I think the delayed cleanup intent still needs to be persisted in recoverable distributed state, or runningJobInfoIMap needs to stay until the delayed cleanup actually executes. After that, this will be much closer.
DanielLeens
left a comment
There was a problem hiding this comment.
I pulled the latest HEAD locally again and I still see the same blocking failover hole during the cleanup-delay window.
JobMaster.scheduleRemoveJobStateMaps() still removes runningJobInfoIMap immediately before scheduling the delayed cleanup only on the local monitorService. But master-switch restore still discovers jobs by scanning runningJobInfoIMap in CoordinatorService.restoreAllRunningJobFromMasterNodeSwitch(). So if the active master dies before the delayed task fires, the next master still has no distributed record left to rediscover this terminal job, and the remaining state maps can still be orphaned.

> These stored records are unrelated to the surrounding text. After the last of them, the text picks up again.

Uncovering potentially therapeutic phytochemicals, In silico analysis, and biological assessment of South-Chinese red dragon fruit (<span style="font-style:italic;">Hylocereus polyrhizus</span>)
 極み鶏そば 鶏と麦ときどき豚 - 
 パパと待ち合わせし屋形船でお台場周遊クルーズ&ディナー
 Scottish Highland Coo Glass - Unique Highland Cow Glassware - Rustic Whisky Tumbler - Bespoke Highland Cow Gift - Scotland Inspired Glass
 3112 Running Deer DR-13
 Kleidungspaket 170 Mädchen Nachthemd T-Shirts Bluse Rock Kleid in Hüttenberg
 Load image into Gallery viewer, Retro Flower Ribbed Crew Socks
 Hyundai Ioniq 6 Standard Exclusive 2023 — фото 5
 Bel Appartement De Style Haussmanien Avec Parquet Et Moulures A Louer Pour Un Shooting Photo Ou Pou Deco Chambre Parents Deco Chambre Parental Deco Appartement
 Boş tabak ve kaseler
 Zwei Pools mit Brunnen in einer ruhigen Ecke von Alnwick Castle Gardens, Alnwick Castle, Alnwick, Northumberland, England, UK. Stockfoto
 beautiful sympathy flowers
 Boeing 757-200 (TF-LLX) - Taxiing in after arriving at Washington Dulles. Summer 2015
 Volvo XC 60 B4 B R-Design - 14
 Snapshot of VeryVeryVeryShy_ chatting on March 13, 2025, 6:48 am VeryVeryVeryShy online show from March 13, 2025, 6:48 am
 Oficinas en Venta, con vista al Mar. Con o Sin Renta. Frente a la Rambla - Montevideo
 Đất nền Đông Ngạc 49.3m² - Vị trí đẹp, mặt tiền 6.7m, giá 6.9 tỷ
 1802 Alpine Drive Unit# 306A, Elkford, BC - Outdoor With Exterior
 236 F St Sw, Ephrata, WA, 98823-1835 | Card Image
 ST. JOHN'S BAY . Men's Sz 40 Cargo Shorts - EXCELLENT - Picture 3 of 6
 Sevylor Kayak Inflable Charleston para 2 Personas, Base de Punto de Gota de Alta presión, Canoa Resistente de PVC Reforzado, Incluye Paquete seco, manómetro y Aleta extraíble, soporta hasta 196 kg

The new stateCleanupDelayMillis=0 test config and the late-checkpoint guard do not close that gap, because they do not persist the delayed-cleanup intent across a second master failover.
I still think this needs one of these two directions before merge:
- keep
runningJobInfoIMapuntil the delayed cleanup actually executes, or - persist the delayed-cleanup intent in recoverable distributed state.
After that, I am happy to re-review.
DanielLeens
left a comment
There was a problem hiding this comment.
I pulled the latest HEAD locally again and re-checked the terminal-cleanup / master-switch path.
The previous failover hole looks closed now: JobMaster.scheduleRemoveJobStateMaps() persists a JobCleanupRecord in IMAP_PENDING_JOB_CLEANUP, CoordinatorService.restoreJobFromMasterActiveSwitch() reschedules terminal cleanup instead of dropping the job blindly, and the REST / overview paths filter delayed-cleanup tombstones so finished jobs are not shown as running. With the new unit / E2E coverage around delayed cleanup and no-restore cluster failure, I do not see the previous blocker in the current revision.
Purpose of this pull request
This PR fixes an engine-side terminal-state convergence bug after worker node failure.
When a worker goes offline, the engine can start cleaning distributed state from the running job state maps before all asynchronous task/pipeline/job callbacks have finished. In the current code path,
PhysicalVertex,SubPlan, andPhysicalPlancan observe missing state entries and throwNullPointerException, which interrupts terminal-state convergence and may leave the job hanging in an intermediate state.This PR changes the cleanup strategy instead of relying on local fallback state:
runningJobInfoIMapimmediately so terminal jobs are not restored on master switchIt also adds:
BATCH + no checkpoint + job.retry.times=0no-restore pathDoes this PR introduce any user-facing change?
No user-facing API/config change in normal operation. This improves failure handling so jobs are less likely to hang in an intermediate state after node failure.
How was this patch tested?
Verified locally:
./mvnw -nsu -pl seatunnel-engine/seatunnel-engine-common spotless:check./mvnw -nsu -pl seatunnel-engine/seatunnel-engine-server spotless:check./mvnw -nsu -pl seatunnel-e2e/seatunnel-engine-e2e/connector-seatunnel-e2e-base spotless:checkAdditional notes:
StateTransitionCleanupTest,JobStateCleanupDelayTestClusterFailureNoRestoreITseatunnel-engine-serverreferences missing types in the current checkout, and reactor builds are also blocked byseatunnel-config-shadecompilation issues), so this PR remains draft.